**Work task**.
From the entries below, reproduce exactly the line containing "Vintage-Schlangenarmband aus Silber", the line containing "Mops auf dem Kopf stehende Keramiktasse", and every line in between, with nothing added.

··· Records supplied ···

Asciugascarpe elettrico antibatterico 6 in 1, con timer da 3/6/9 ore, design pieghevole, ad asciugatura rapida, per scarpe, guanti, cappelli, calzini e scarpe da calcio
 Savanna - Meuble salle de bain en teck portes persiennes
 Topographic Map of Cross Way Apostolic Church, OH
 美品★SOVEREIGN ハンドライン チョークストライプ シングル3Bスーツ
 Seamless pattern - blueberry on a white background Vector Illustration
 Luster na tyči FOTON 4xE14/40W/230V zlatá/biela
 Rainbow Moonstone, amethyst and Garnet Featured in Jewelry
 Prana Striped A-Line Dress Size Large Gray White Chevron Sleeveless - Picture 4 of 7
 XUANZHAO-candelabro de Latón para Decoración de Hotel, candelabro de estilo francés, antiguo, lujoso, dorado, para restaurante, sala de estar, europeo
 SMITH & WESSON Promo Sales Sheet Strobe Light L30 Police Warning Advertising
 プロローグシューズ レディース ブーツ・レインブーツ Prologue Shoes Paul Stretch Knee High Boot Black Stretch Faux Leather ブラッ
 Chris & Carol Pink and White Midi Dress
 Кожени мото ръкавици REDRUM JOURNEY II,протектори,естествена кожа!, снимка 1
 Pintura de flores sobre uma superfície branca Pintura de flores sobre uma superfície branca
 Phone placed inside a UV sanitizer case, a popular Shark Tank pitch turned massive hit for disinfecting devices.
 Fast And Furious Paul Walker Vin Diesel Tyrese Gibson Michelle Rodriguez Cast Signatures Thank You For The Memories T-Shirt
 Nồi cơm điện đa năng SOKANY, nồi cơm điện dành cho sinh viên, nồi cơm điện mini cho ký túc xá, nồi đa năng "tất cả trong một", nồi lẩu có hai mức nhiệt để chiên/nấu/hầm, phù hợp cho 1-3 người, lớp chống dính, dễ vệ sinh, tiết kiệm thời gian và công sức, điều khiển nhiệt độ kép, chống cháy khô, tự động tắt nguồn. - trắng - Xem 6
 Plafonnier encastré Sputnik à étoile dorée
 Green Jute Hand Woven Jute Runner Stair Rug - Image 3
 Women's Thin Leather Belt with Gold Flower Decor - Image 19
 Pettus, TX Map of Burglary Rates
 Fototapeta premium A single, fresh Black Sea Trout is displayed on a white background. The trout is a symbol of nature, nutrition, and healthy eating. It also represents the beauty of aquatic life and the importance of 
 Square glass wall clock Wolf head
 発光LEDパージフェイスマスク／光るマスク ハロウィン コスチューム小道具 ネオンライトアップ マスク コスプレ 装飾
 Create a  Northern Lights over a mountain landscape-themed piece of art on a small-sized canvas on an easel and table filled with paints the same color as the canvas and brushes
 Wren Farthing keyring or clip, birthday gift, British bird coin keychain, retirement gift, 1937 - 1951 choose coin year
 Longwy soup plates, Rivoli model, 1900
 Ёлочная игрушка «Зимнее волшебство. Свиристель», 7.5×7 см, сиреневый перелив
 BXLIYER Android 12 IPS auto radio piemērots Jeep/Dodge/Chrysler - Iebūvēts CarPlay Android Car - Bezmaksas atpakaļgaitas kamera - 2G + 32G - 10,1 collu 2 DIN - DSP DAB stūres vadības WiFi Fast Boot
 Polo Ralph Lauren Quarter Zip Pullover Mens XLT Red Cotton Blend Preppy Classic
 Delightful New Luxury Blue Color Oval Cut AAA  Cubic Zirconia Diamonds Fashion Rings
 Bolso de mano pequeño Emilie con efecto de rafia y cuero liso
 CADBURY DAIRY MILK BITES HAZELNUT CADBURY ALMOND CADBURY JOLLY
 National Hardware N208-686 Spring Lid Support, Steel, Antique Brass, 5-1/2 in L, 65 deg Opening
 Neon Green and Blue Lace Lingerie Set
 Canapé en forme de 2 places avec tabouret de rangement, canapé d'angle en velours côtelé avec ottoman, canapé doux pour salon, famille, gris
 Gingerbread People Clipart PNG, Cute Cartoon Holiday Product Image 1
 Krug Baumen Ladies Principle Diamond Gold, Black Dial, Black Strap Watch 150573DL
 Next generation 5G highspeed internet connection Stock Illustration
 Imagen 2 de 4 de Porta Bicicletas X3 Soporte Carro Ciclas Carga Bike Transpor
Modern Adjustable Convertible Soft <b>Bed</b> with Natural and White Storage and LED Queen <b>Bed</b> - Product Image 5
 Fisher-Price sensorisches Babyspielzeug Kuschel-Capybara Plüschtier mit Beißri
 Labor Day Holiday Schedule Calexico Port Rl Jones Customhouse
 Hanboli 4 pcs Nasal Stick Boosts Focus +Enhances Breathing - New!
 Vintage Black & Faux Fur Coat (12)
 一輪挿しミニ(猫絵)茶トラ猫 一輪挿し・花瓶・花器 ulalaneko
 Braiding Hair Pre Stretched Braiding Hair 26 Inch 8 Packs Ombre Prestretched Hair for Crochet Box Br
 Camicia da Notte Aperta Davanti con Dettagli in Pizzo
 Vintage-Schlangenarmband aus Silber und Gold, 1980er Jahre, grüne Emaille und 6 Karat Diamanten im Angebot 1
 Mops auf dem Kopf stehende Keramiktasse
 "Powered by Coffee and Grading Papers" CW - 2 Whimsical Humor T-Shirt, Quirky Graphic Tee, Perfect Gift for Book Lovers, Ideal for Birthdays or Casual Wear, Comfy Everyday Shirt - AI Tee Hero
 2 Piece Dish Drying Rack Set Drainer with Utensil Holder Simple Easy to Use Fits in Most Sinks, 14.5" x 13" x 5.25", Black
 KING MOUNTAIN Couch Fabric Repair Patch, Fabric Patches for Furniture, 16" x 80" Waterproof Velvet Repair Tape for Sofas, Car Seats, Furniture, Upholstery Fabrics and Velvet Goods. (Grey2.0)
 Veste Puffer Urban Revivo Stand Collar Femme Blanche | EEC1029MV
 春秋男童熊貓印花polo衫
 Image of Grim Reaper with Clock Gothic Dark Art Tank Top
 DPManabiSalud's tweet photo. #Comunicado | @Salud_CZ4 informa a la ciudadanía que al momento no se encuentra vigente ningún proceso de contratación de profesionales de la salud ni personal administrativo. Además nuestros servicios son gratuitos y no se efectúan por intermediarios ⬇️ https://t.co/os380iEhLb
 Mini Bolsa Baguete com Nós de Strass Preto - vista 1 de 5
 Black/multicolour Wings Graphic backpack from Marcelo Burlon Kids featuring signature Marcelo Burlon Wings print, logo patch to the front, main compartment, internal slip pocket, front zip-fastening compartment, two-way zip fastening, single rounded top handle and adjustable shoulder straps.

···

**Task answer**.
 Vintage-Schlangenarmband aus Silber und Gold, 1980er Jahre, grüne Emaille und 6 Karat Diamanten im Angebot 1
 Mops auf dem Kopf stehende Keramiktasse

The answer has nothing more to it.